U.S. light-vehicle sales dropped 2.9 percent in June
U.S. light-vehicle sales dropped 2.9 percent in June behind
another weak month for cars and lower fleet shipments. Toyota, Nissan and Honda
chalked up modest June gains while the Detroit 3 slipped as the industry posted
its sixth straight monthly decline.
The advances at the biggest Japanese companies were all in
the low single-digit range, fueled largely by truck sales. Ford retreated 5.1
percent after posting its first sales gain of the year in May. General Motors
deliveries fell 4.7 percent while continuing to point to a reduction in
lower-profit sales to daily rental fleets. Fiat Chrysler was down 7 percent.
As has been the case throughout the year, the results were
marked by steep declines in car sales -- down 14 percent for the month -- even
amid rising incentives. Truck deliveries edged up 4.2 percent in June.
The seasonally adjusted, annualized sales rate came in at
16.54 million, the lowest pace of sales of the year and slightly below the 16.6
million average estimate of analysts polled by Bloomberg. June marked the
fourth straight month the SAAR has dropped below 17 million after six straight
months above that threshold, including 18.38 million in December.
U.S. light-vehicles sales are now down 2.1 percent for the
year. The downturn follows seven consecutive years of rising demand, including
records in 2015 and 2016.
Volume rose 2.1 percent at Toyota Motor behind a 3.2 percent
gain at the Toyota Division, offsetting a 5.4 percent dip at Lexus. It was the
ninth straight monthly decline for Lexus.
Nissan said June deliveries rose 2 percent, with volume up
1.2 percent at the Nissan brand and 11 percent at Infiniti.
At GM, volume was off 6.4 percent at Chevrolet, 3.6 percent
at GMC and 12 percent at Cadillac. Buick, behind demand for the new Envision
crossover, saw sales rise 16 percent.
GM's sales have now dropped four out of six months this
year. GM said June daily rental fleet shipments dropped by 11,000 vehicles, or
54 percent, over June 2016.
Ford Motor sales were dragged down by a 23 percent drop in
car volume. Ford said its pickup and van sales rose 1.2 percent while SUV and
crossover demand rose 3.2 percent. Deliveries dropped 5.4 percent at the Ford
Division and rose 5.3 percent at Lincoln.

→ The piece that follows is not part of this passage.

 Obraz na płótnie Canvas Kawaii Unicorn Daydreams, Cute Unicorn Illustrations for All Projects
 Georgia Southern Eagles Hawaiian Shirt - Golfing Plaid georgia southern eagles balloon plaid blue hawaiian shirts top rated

At Honda, deliveries edged up 0.8 percent behind record
truck volume. Sales slipped 1.3 percent at the Honda Division but jumped 24
percent at Acura. Truck deliveries rose 1.9 percent to a June record of 70,067,
with volume surging 31 percent at Acura.
The company cited "inventory issues" for a 1.6
percent drop in truck volume at the Honda brand. Overall, American Honda's car
sales slipped 0.3 percent last month.
"Against a sea of competitors clinging to market share
via heavy incentives and fleet sales, Honda's success is driven by retail
customers attracted to a cadence of strong new products," said Honda’s
Conrad.
Fiat Chrysler volume dropped 7 percent, with every brand but
Ram posting a decline. It was the company's 10th straight monthly decline year
over year.
FCA reported U.S. retail sales dipped 5 percent to 139,947
units last month while fleet deliveries dropped 15 percent to 47,401. The
largest planned volume reduction in June fleet sales came at the Jeep brand,
where fleet volume skidded 49 percent year over year. FCA said fleet sales
represented 25 percent of its June deliveries.

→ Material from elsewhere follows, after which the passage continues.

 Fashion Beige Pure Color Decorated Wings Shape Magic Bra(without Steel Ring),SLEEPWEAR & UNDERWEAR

At other brands, volume rose 12 percent at Subaru and 15
percent at the VW brand, but slipped 15 percent at Mazda, 5 percent at
Mitsubishi and 10 percent at Mini.
Among other luxury brands, volume rose 0.4 percent at BMW,
1.7 percent at Mercedes-Benz, 5.3 percent at Audi, 1 percent at Land Rover and
7.4 percent at Jaguar, while sales dropped 15 percent at Volvo.
The number of selling days last month -- 26 -- was the same
as June 2016.
Ahead of Monday's reports, among major automakers, only
Toyota, Honda and Volkswagen Group were forecast to post higher sales in June,
according to analysts polled by Bloomberg. The steepest drops in volume were
expected to be posted by Fiat Chrysler, Ford and GM.